• DESCRIPTION OF THE TASK: Please write out the entire listing below exactly, excluding its pictures.

━━━━━ DATA PROVIDED ━━━━━

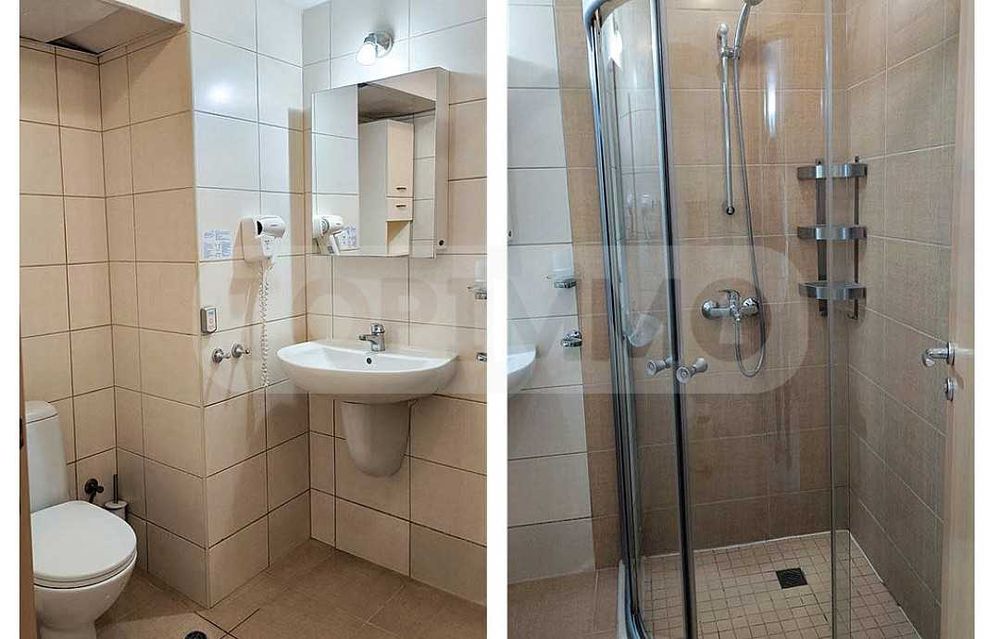 Двустаен апартамент до брега на морето в град Обзор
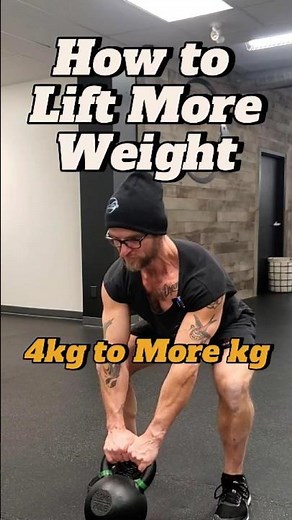 How to Lift More Weight - Make Every Lift Count: Full Tension Explained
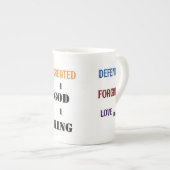 1God1King créé par Collection Specialty Mug (Devant droit)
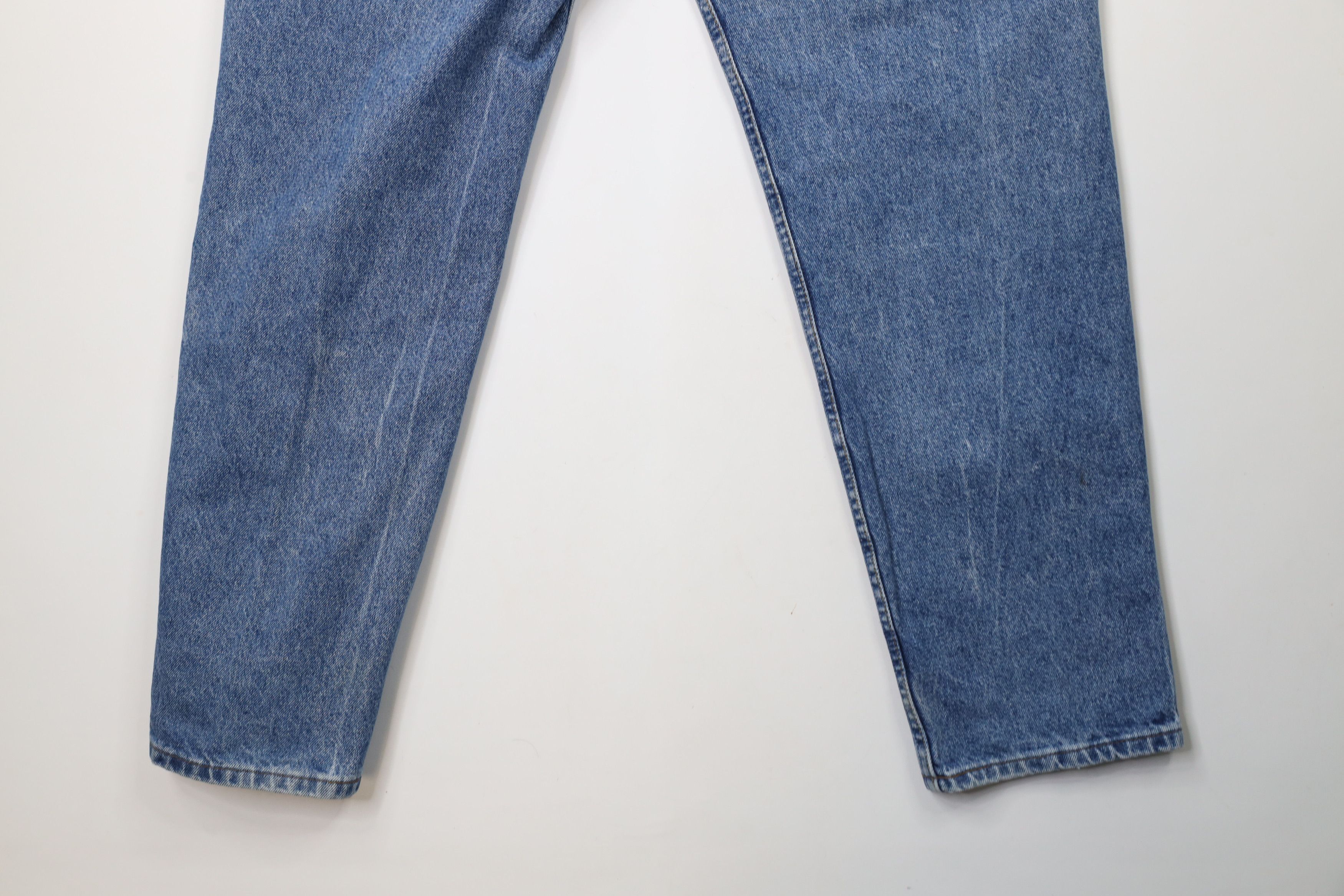 Gap × Vintage Vintage 90s Gap Tapered Leg Easy Relaxed Fit Denim Jeans USA Size US 40 / EU 56 - 11 Thumbnail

━━━━━

• YOUR SOLUTION:
 Двустаен апартамент до брега на морето в град Обзор
 How to Lift More Weight - Make Every Lift Count: Full Tension Explained
 1God1King créé par Collection Specialty Mug (Devant droit)
 Gap × Vintage Vintage 90s Gap Tapered Leg Easy Relaxed Fit Denim Jeans USA Size US 40 / EU 56 - 11 Thumbnail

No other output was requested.